Phase rotation gates integrated with logical T-gates are the enabling trick. STAR v3 achieves an error scaling of O(theta_L^{2(1-Theta(1/d))} p_ph), improving from the prior O(theta_L p_ph). The practical effect: logical analog rotation gates with error rates roughly two orders of magnitude lower than standard T-gate synthesis at small rotation angles.

There is a gap worth naming between the papers and current hardware. The arXiv architecture paper explicitly targets operation at physical error rates of 10^-3 — a relaxed threshold, but still aspirational for most qubit platforms. IBMs current Heron R2 systems sit around 10^-3 to 3x10^-3 error rates at roughly 100 to 1,000 physical qubits. Fujitsus estimates require 100,000 to 200,000 qubits at the same error rate. That gap is the entire ballgame, and the papers do not close it.

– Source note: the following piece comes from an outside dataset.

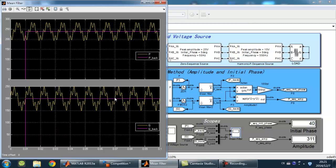And using this DC component, we can get the initial phase and amplitude of positive sequence as shown in here, in these two displays.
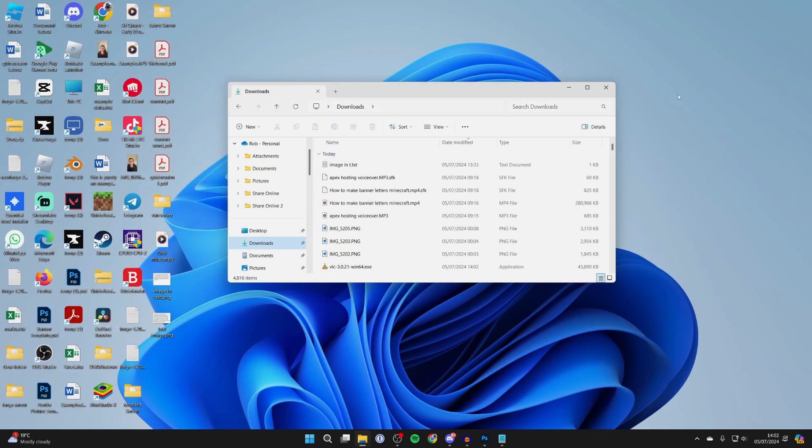Once it's finished you can close your web browser and open up your file explorer. Come to Downloads and you should then see it there.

This is resource estimation, not demonstration. The papers show what becomes tractable on a future fault-tolerant machine — not what any existing machine can do today. The practical significance is the threshold clarification: early fault-tolerant quantum computers may need hundreds of thousands of qubits rather than millions for chemically relevant molecular simulations, and may tolerate error rates an order of magnitude higher than prior estimates assumed. That is useful information for hardware roadmaps and investment frameworks — if it holds.

The authors are Fujitsu researchers Shota Kanasugi, Riki Toshio, Kazunori Maruyama, and Hirotaka Oshima, alongside Keisuke Fujii at Osaka University and RIKEN. No independent groups have replicated or validated the resource estimates. The arXiv papers are 2603.22778 and 2603.22891.